Leave the pictures out and restate each entry below word for word.

##### Material for this exercise

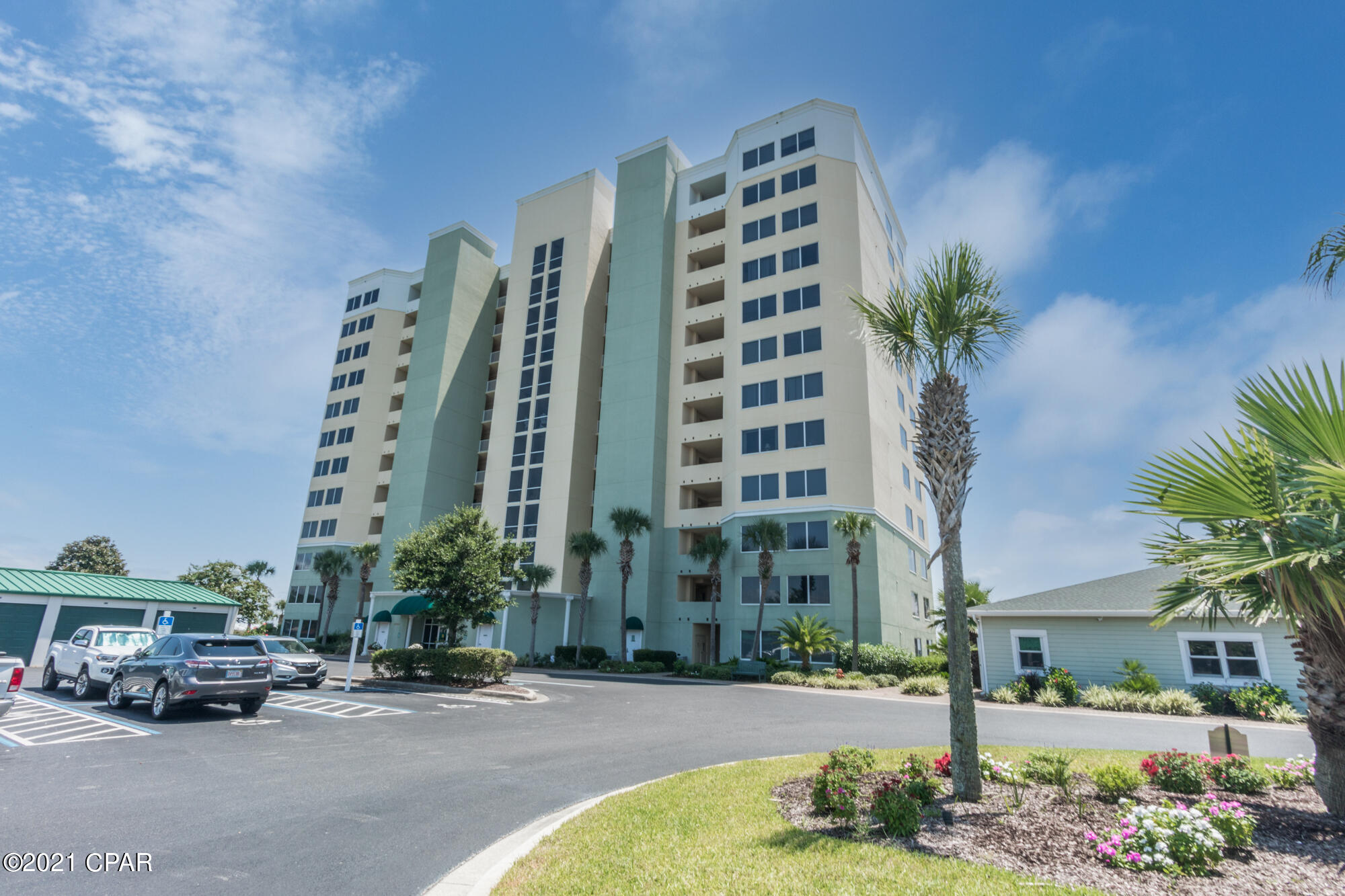 Hibiscus By The Bay - Residential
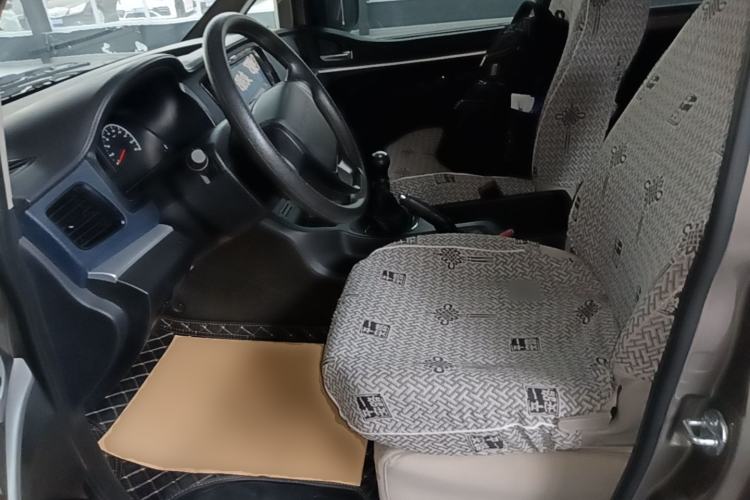 Used FORTHING Lingzhi 2023 M5L 1.6L Base Model 7 Seats Left Front Seat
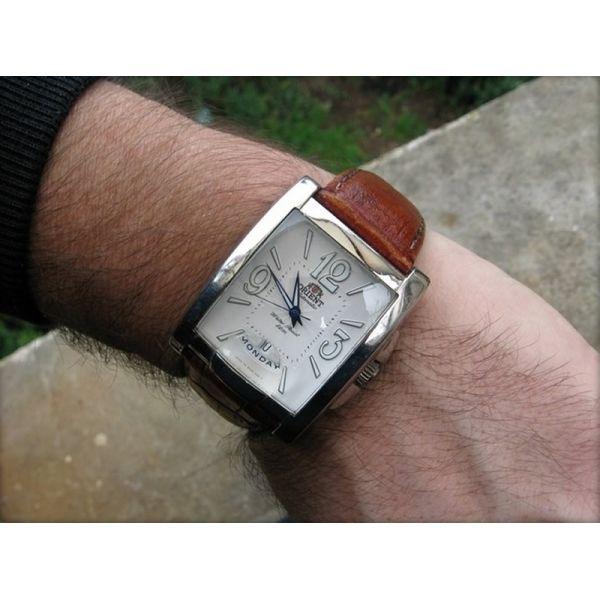 Оригинальные часы Orient Orient EVAD003W (FEVAD003W) механические калибр механизма  общий вид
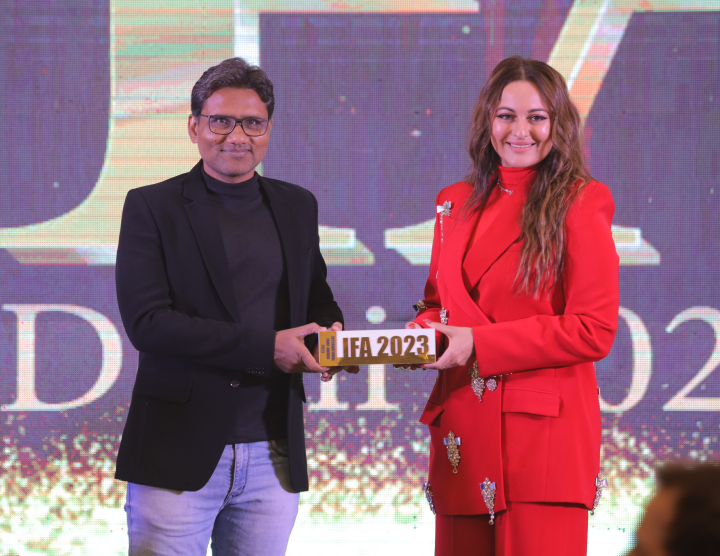 award-01
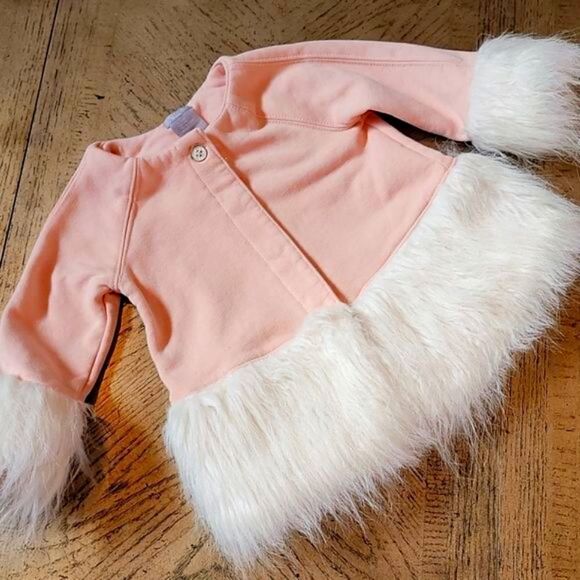 24 month blush pink with white fur jacket💞🤍 - Picture 1 of 11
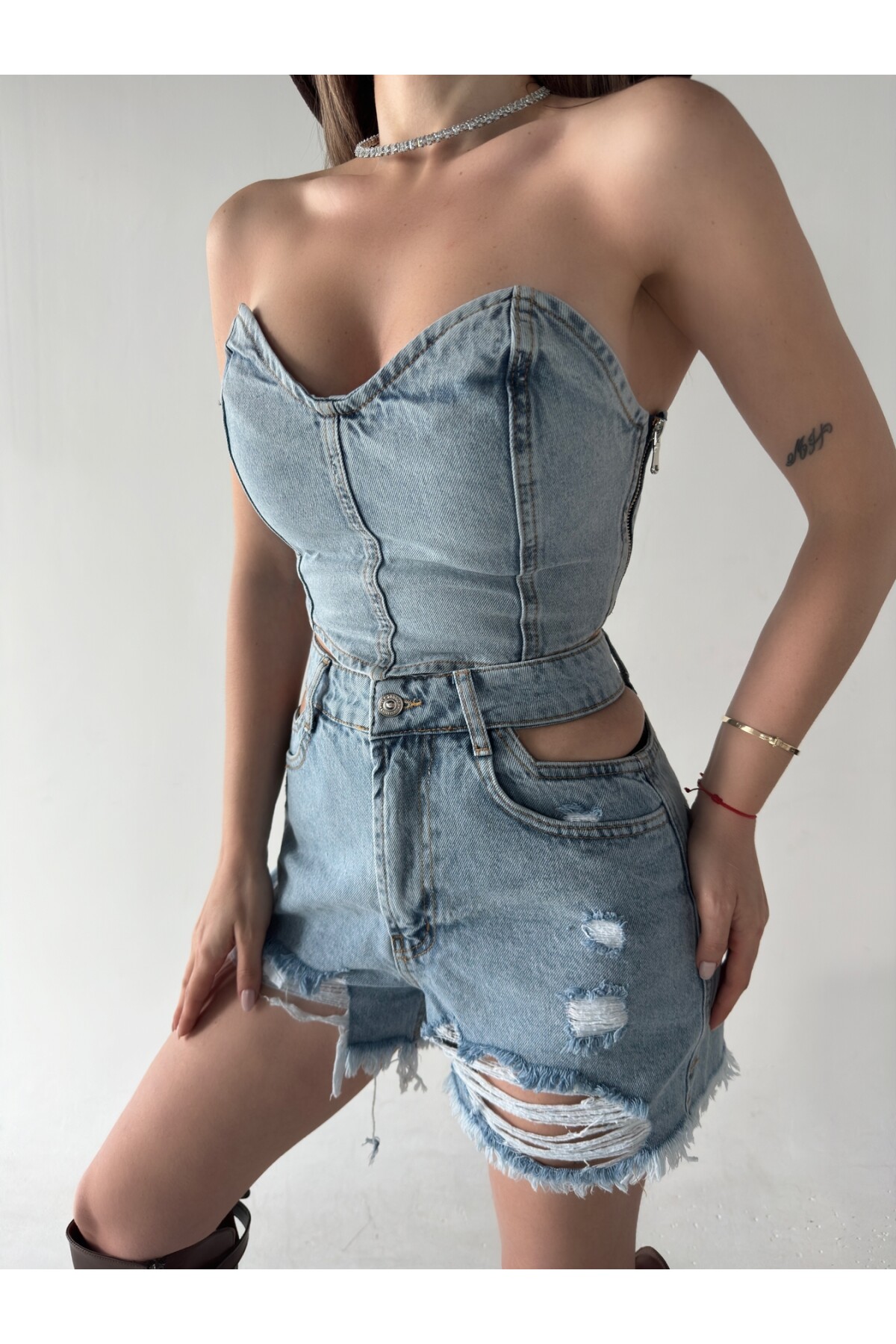 Kadın Mavi High Waist Yıkamalı Saçaklı Paça Denim Şort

##########

Answer for this exercise:
 Hibiscus By The Bay - Residential
 Used FORTHING Lingzhi 2023 M5L 1.6L Base Model 7 Seats Left Front Seat
 Оригинальные часы Orient Orient EVAD003W (FEVAD003W) механические калибр механизма  общий вид
 award-01
 24 month blush pink with white fur jacket💞🤍 - Picture 1 of 11
 Kadın Mavi High Waist Yıkamalı Saçaklı Paça Denim Şort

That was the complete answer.